__INFORMATION SUPPLIED__.
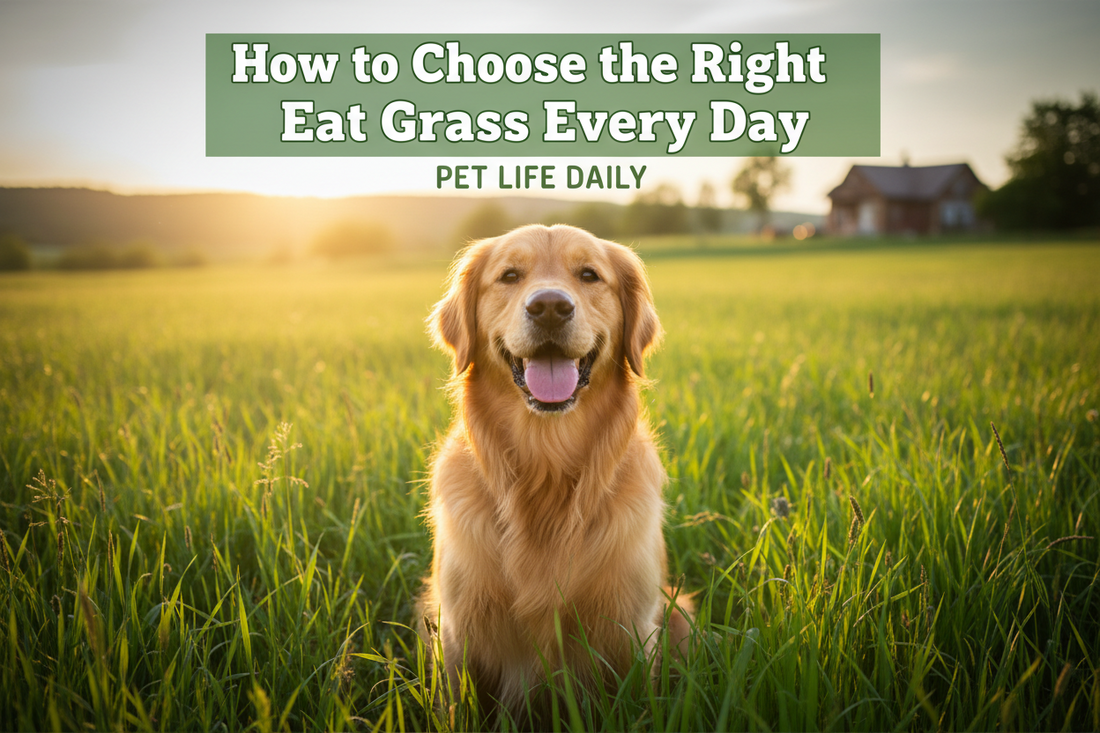How to Choose the Right Eat Grass Every Day
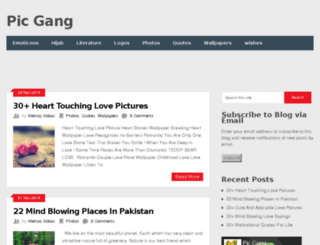 picgang.com screenshot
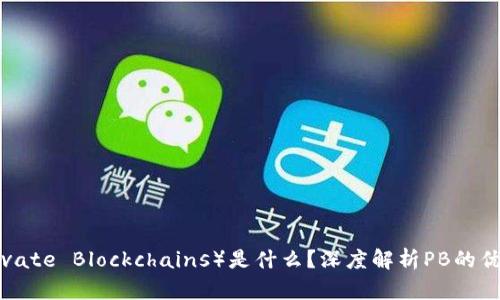 区块链PB（Private Blockchains）是什么？深度解析PB的优势与应用前景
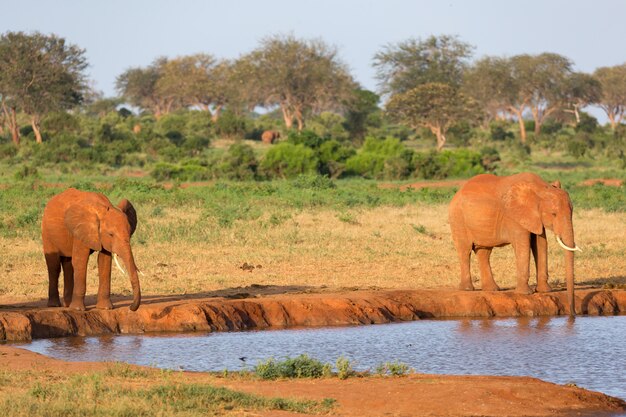 サバンナの真ん中にある水場で赤い象の家族 プレミアム写真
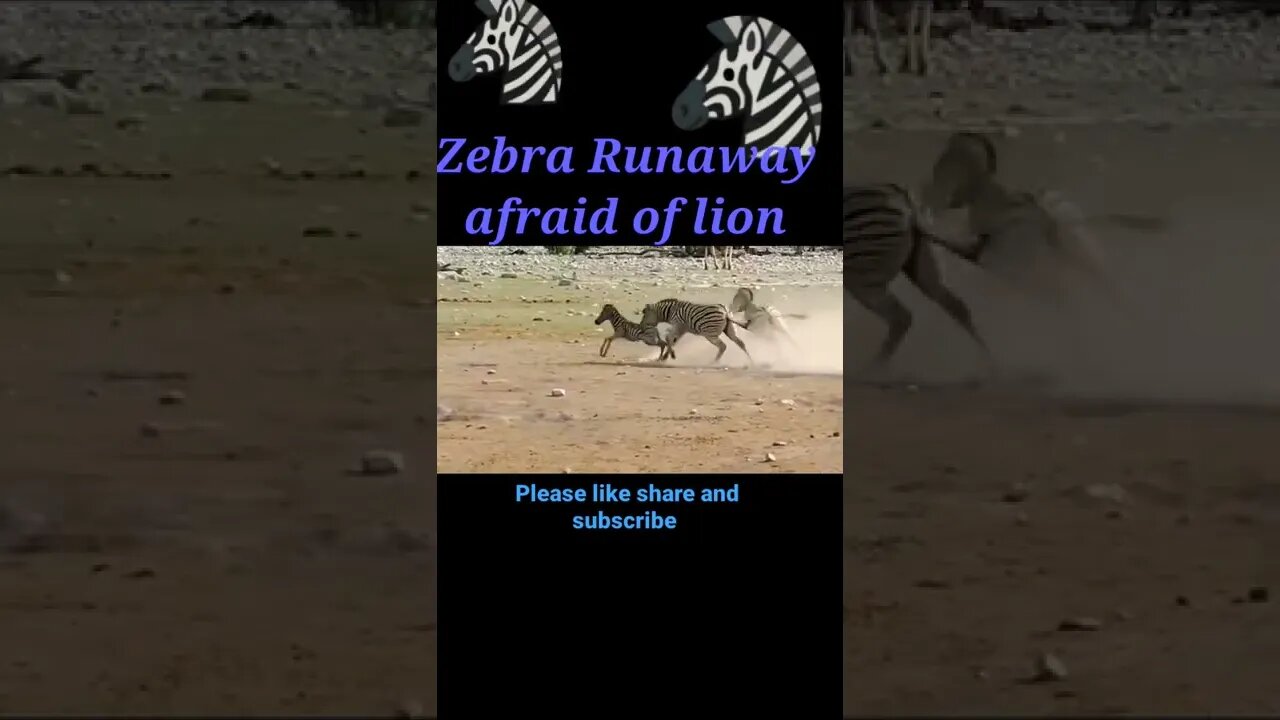 Zebra runway afraid of Lion 🦁2022,#shorts #shortvideo #youtubeshorts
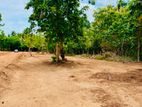 කුට්ටම් පොකුණට ආසන්නව සින්නක්කර බිම් කොටස්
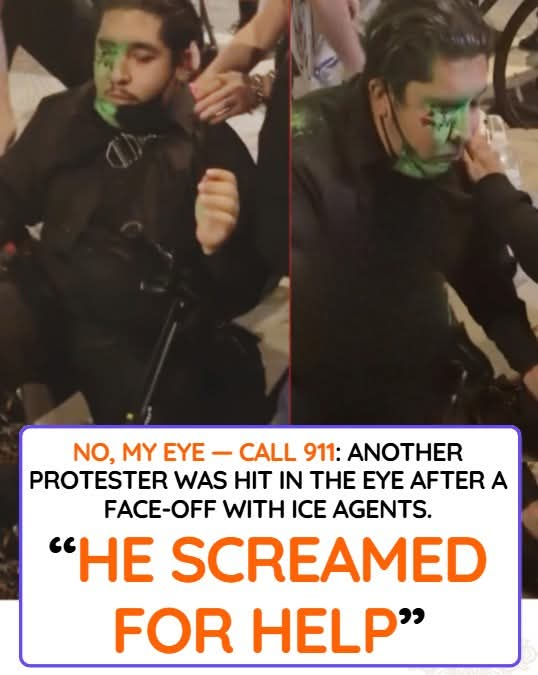 Anti Left Memes tweet media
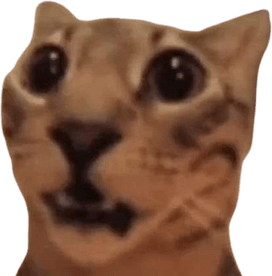 Surprised Cat PNG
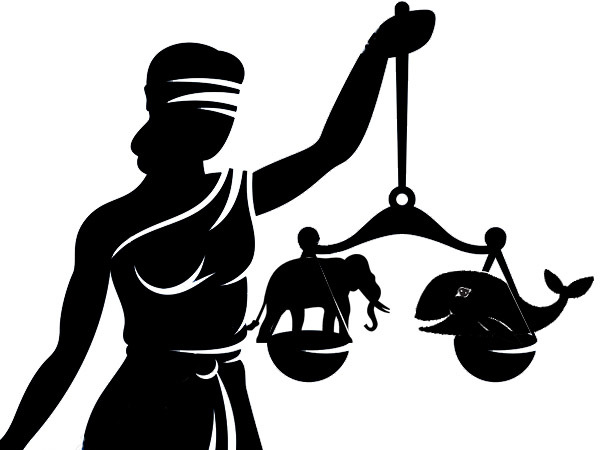 Суд рассудит Сберкита с Юлслоном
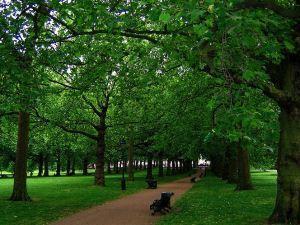 Parc de Moscovie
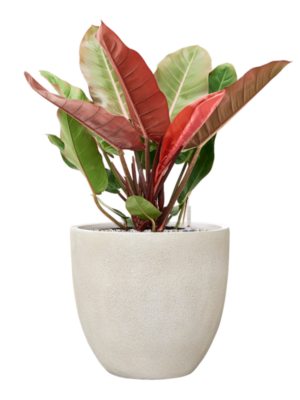Philodendron 'Prince of Orange' en Antwerp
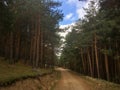 Path in a pine forest. Royalty Free Stock Photo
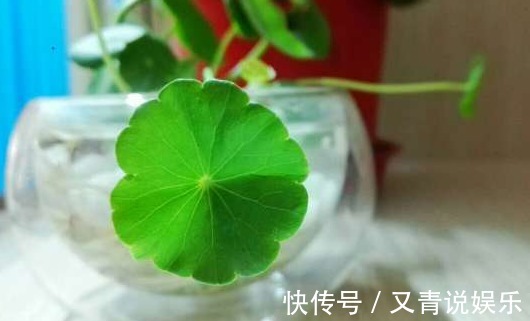 铜钱草|不懂浇水,那就养这两种花卉,一浇水就可以爆盆,深受人们喜爱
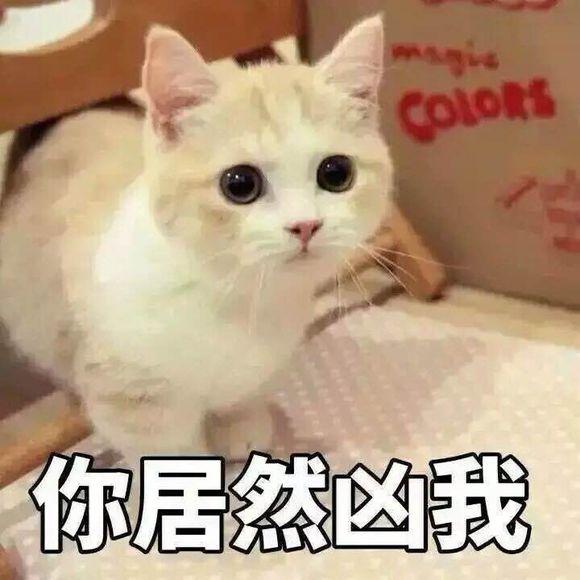 网上超火超萌猫咪表情包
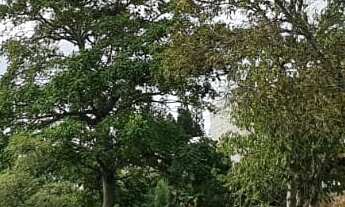 Imagem: 600M² de Área Total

__TASK ITEM__.
Print the material above once more, exactly, minus the pictures.

__OUTPUT FOR THIS EXERCISE__.
How to Choose the Right Eat Grass Every Day
 picgang.com screenshot
 区块链PB（Private Blockchains）是什么？深度解析PB的优势与应用前景
 サバンナの真ん中にある水場で赤い象の家族 プレミアム写真
 Zebra runway afraid of Lion 🦁2022,#shorts #shortvideo #youtubeshorts
 කුට්ටම් පොකුණට ආසන්නව සින්නක්කර බිම් කොටස්
 Anti Left Memes tweet media
 Surprised Cat PNG
 Суд рассудит Сберкита с Юлслоном
 Parc de Moscovie
Philodendron 'Prince of Orange' en Antwerp
 Path in a pine forest. Royalty Free Stock Photo
 铜钱草|不懂浇水,那就养这两种花卉,一浇水就可以爆盆,深受人们喜爱
 网上超火超萌猫咪表情包
 Imagem: 600M² de Área Total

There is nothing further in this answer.